Now let's find all sequences of POS tags that match the Justeson and Katz pattern of `(((ADJ|NOUN) )+|((ADJ|NOUN) )*(NOUN PREP )((ADJ|NOUN) )*)NOUN`

"In words, a candidate term is a multi-word noun phrase; and it either is a string of nouns and/or adjectives, ending in a noun, or it consists of two such strings, separated by a single preposition." (JK 17)

In [None]:
p = re.compile("(((ADJ|NOUN) )+|((ADJ|NOUN) )*(NOUN PREP )((ADJ|NOUN) )*)NOUN")

mweCount=Counter()

for m in p.finditer(tags):
    startToken=getToken(m.start(),char2token)
    endToken=getToken(m.end(),char2token)
    mwe=' '.join(words[startToken:endToken+1])
    mweCount[mwe]+=1

for k,v in mweCount.most_common(100):
    print(k,v)

We'll define our MWE dictionary to be the 1000 most frequent sequences matched.

In [None]:
my_mwe=[k for (k,v) in mweCount.most_common(1000)]
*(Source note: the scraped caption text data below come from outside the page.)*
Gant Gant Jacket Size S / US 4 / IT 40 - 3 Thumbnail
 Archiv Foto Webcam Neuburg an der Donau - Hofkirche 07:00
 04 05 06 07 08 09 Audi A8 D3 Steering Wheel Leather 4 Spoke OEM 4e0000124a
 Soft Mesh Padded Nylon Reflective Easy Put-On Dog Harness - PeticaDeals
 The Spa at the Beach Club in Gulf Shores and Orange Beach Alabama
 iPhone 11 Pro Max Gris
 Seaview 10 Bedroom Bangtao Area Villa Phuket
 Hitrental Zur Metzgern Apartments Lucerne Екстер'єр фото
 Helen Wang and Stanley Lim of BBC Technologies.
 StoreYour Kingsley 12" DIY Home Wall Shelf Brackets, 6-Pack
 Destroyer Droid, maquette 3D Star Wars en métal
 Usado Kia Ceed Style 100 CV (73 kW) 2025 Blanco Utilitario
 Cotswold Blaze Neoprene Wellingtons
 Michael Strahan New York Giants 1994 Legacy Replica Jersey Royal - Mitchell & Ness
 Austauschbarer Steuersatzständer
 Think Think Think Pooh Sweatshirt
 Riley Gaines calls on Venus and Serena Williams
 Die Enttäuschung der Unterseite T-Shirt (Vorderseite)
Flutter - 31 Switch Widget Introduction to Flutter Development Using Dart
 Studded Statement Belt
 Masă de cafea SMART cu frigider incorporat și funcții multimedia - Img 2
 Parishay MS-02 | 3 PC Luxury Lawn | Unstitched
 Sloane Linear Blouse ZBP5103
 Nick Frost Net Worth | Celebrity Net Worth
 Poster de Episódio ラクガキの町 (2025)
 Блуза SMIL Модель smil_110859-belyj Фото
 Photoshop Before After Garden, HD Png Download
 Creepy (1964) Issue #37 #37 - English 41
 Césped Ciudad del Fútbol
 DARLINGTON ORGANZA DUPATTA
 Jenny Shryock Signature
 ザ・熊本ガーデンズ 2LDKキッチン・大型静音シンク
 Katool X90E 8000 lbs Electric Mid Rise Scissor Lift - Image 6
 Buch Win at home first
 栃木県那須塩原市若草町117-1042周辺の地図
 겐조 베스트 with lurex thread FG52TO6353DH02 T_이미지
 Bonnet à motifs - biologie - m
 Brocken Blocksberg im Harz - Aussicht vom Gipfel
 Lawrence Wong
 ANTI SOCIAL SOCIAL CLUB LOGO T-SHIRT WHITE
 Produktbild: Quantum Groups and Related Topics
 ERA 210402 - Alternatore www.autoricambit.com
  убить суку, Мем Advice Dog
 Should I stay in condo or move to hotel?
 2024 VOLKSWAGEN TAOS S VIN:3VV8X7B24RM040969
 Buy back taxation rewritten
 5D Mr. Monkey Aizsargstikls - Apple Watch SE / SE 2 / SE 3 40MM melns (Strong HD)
Now let's transform each MWE into a single token (e.g., replace `New York City` with `New_York_City`)

In [None]:
def replaceMWE(text, mweList):
    
    """ Replace all instances of MWEs in text with single token 
    
    MWEs are ranked from longest to shortest so that longest replacements are made first (e.g.,
    "New York City" is matched first before "New York")
    
    """
    
    sorted_by_length = sorted(mweList, key=len, reverse=True)
    for mwe in sorted_by_length:
        text=re.sub(re.escape(mwe), re.sub(" ", "_", mwe), text)
    return text

In [None]:
processedText=replaceMWE("The New York Times is located in New York City", my_mwe)

In [None]:
print(processedText)

Q1. Plug in your own data into `getTokens` above and identify the MWE it contains.  How do you think MWE would perform for your classification task?